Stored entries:
[Start of Attachment]

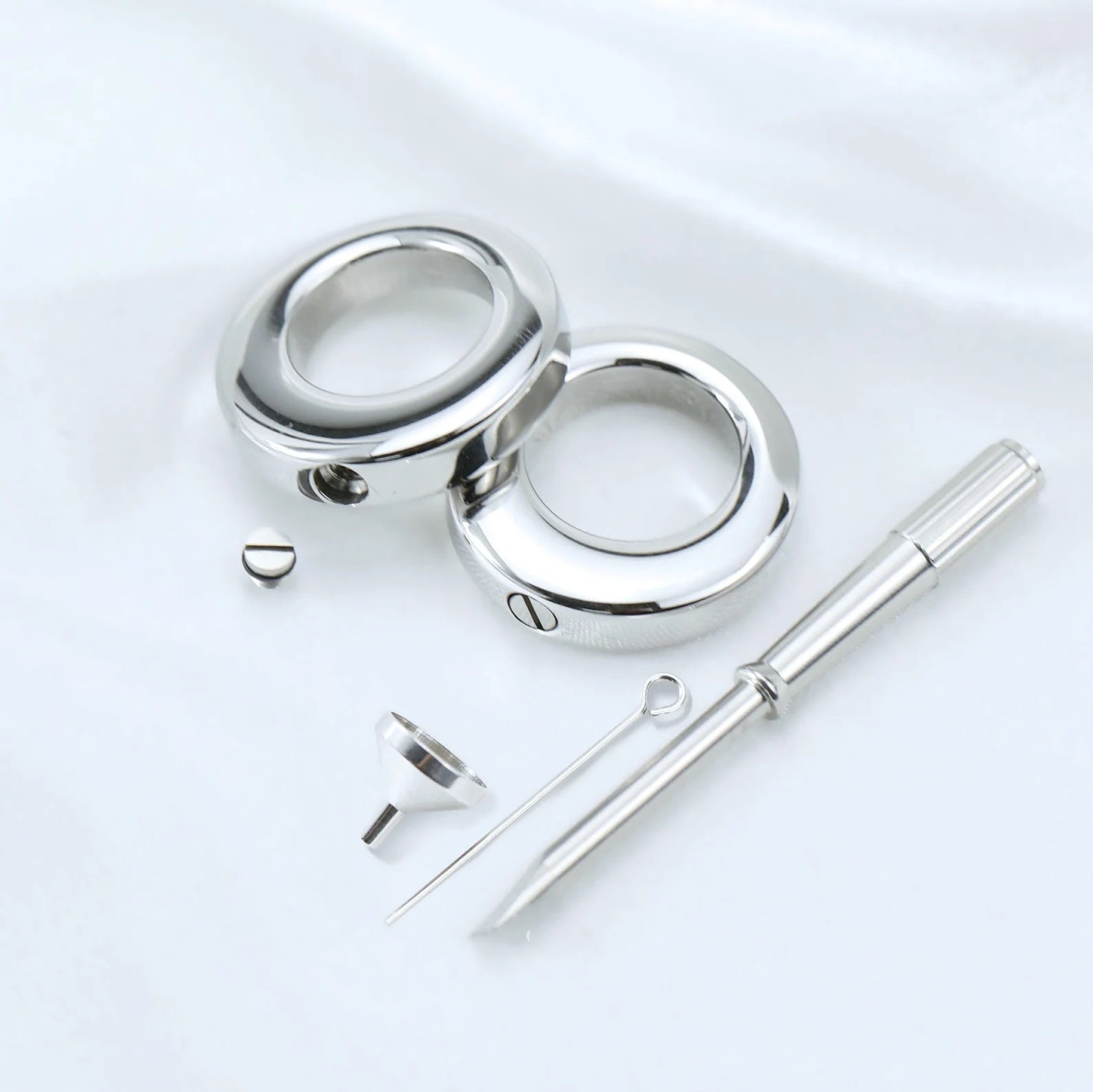 {MTO} Cremation Urn Necklace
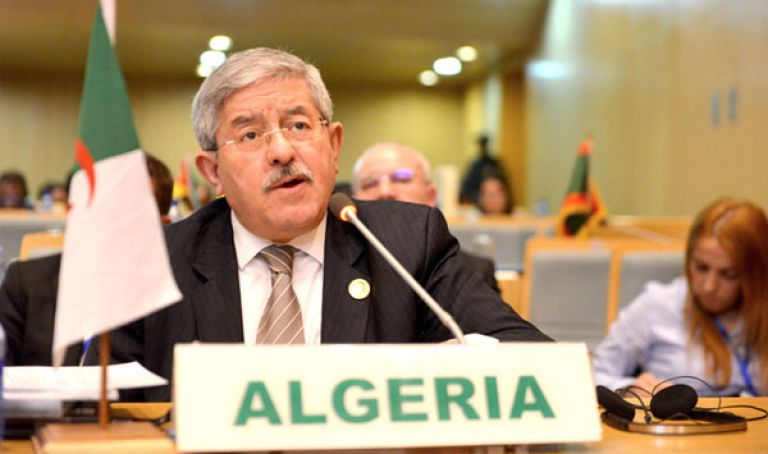 تأكيد التزام الجزائر بتسوية مشكلة اللاجئين في إفريقيا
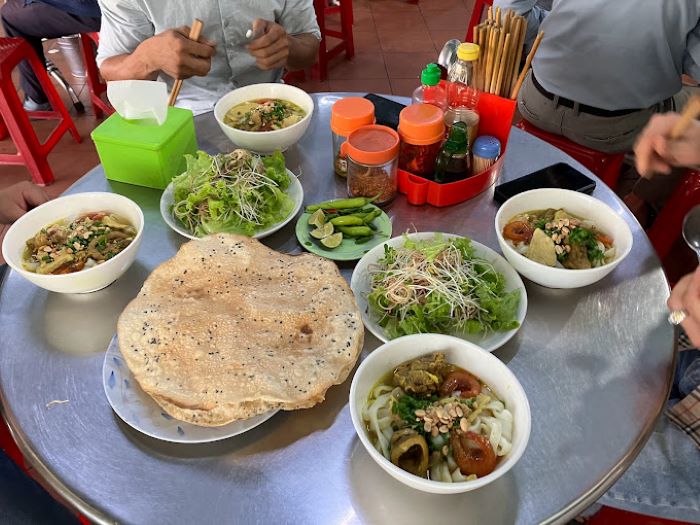 Quán ăn ngon gần sân bay Chu Lai, đặc sản khi đến với Quảng Nam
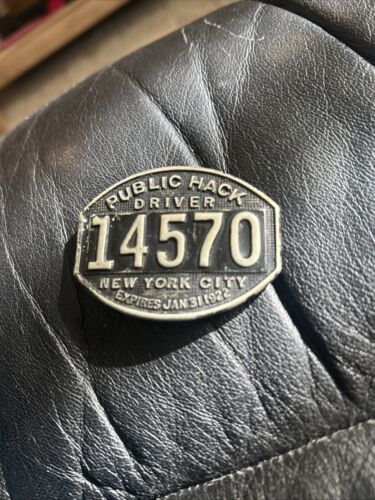 ANTIQUE PUBLIC HACK DRIVER LICENSE BADGE NEW YORK CITY 1922 CAB CHAUFFEUR BADGES - Picture 4 of 8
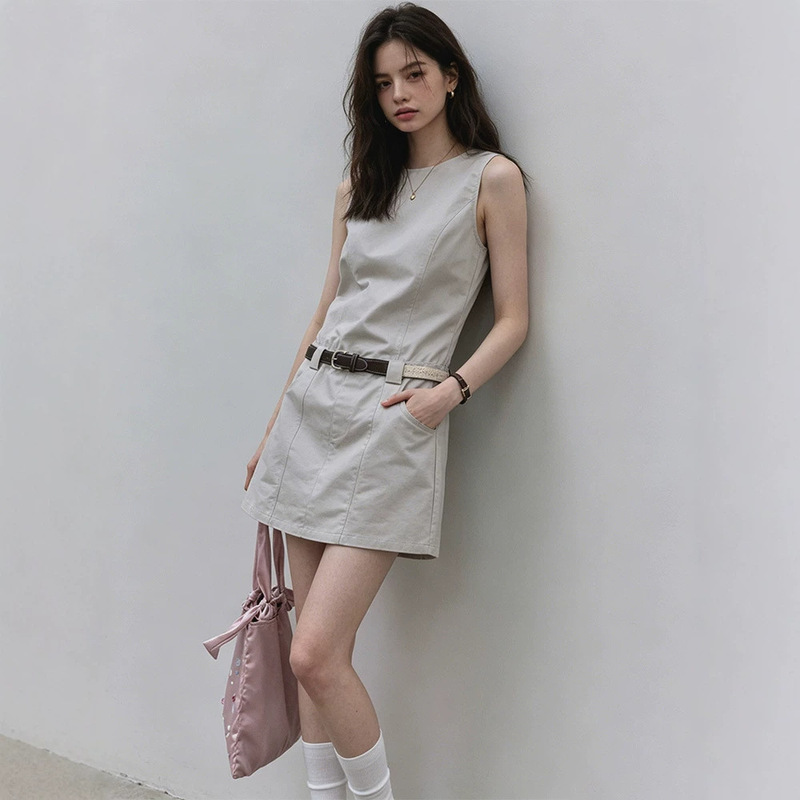 Korean-Style Elegant Solid Color Round Neck Sleeveless Workwear Dress for Women, New Summer Style, Waist-Cinching, Slimming, Elegant Short Dress
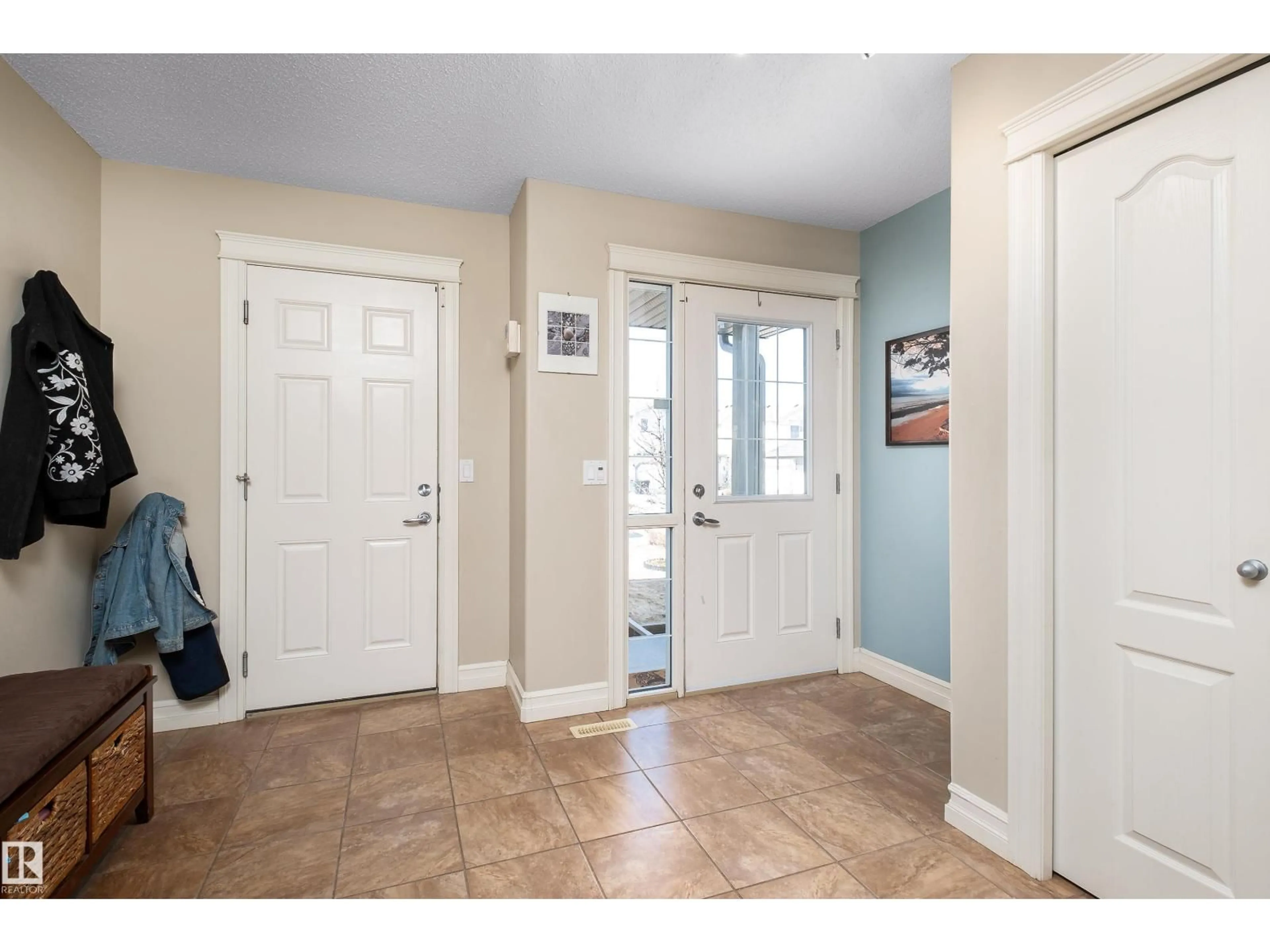 Indoor entryway for 4 SPRING GROVE, Spruce Grove Alberta T7X4M9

[End of Attachment]

- **Task instructions**
In your reply, please set down exactly the lines from the one containing "Quán ăn ngon" through the end of the records, with the pictures left out.

- **Response area**
 Quán ăn ngon gần sân bay Chu Lai, đặc sản khi đến với Quảng Nam
 ANTIQUE PUBLIC HACK DRIVER LICENSE BADGE NEW YORK CITY 1922 CAB CHAUFFEUR BADGES - Picture 4 of 8
 Korean-Style Elegant Solid Color Round Neck Sleeveless Workwear Dress for Women, New Summer Style, Waist-Cinching, Slimming, Elegant Short Dress
 Indoor entryway for 4 SPRING GROVE, Spruce Grove Alberta T7X4M9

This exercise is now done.